◆ About this exercise ◆
For this exercise, return only the lines in the records below from the one holding "image for item" through the one holding "Macbook Air M1 8/256Gb", including both, exactly as they appear and without pictures.

◆ Material provided ◆
※

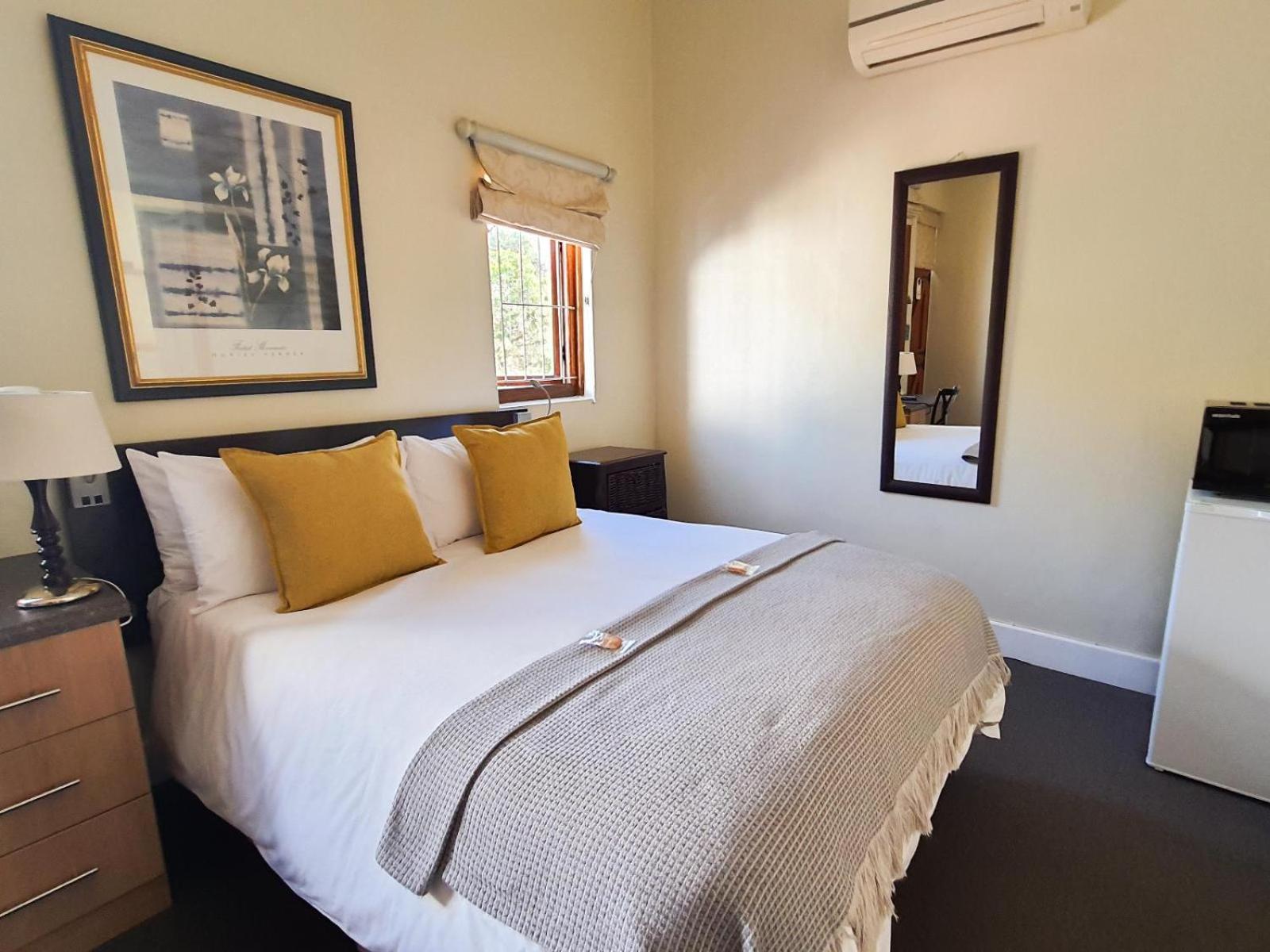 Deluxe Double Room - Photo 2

※

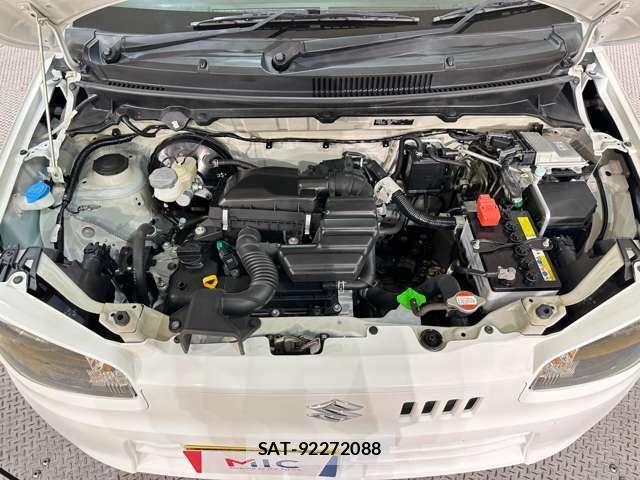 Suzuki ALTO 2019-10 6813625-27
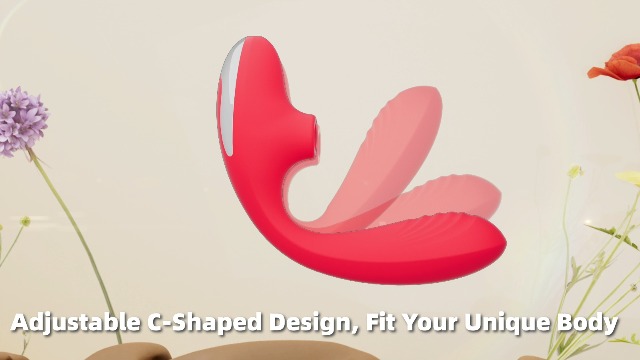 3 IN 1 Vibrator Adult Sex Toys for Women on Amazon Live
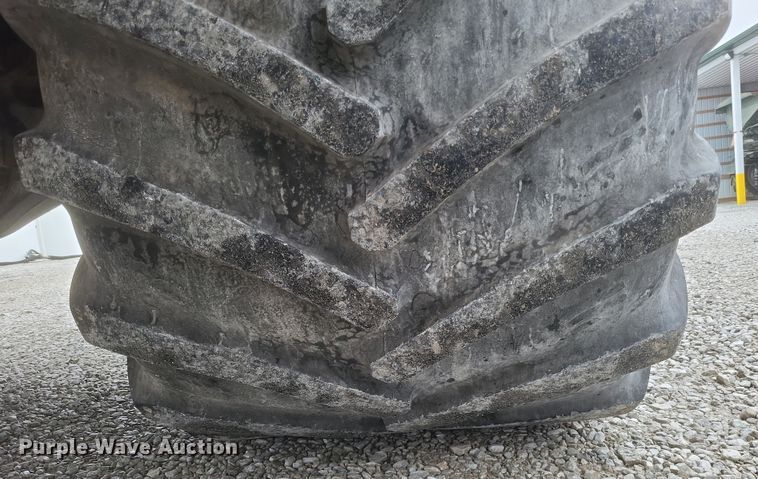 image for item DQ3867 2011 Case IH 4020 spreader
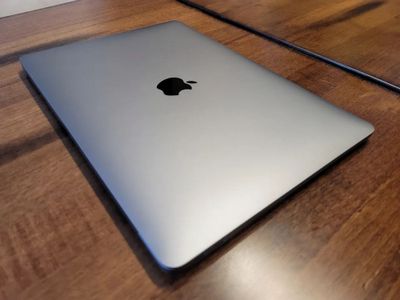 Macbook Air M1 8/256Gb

※

◆ Output below ◆
 image for item DQ3867 2011 Case IH 4020 spreader
 Macbook Air M1 8/256Gb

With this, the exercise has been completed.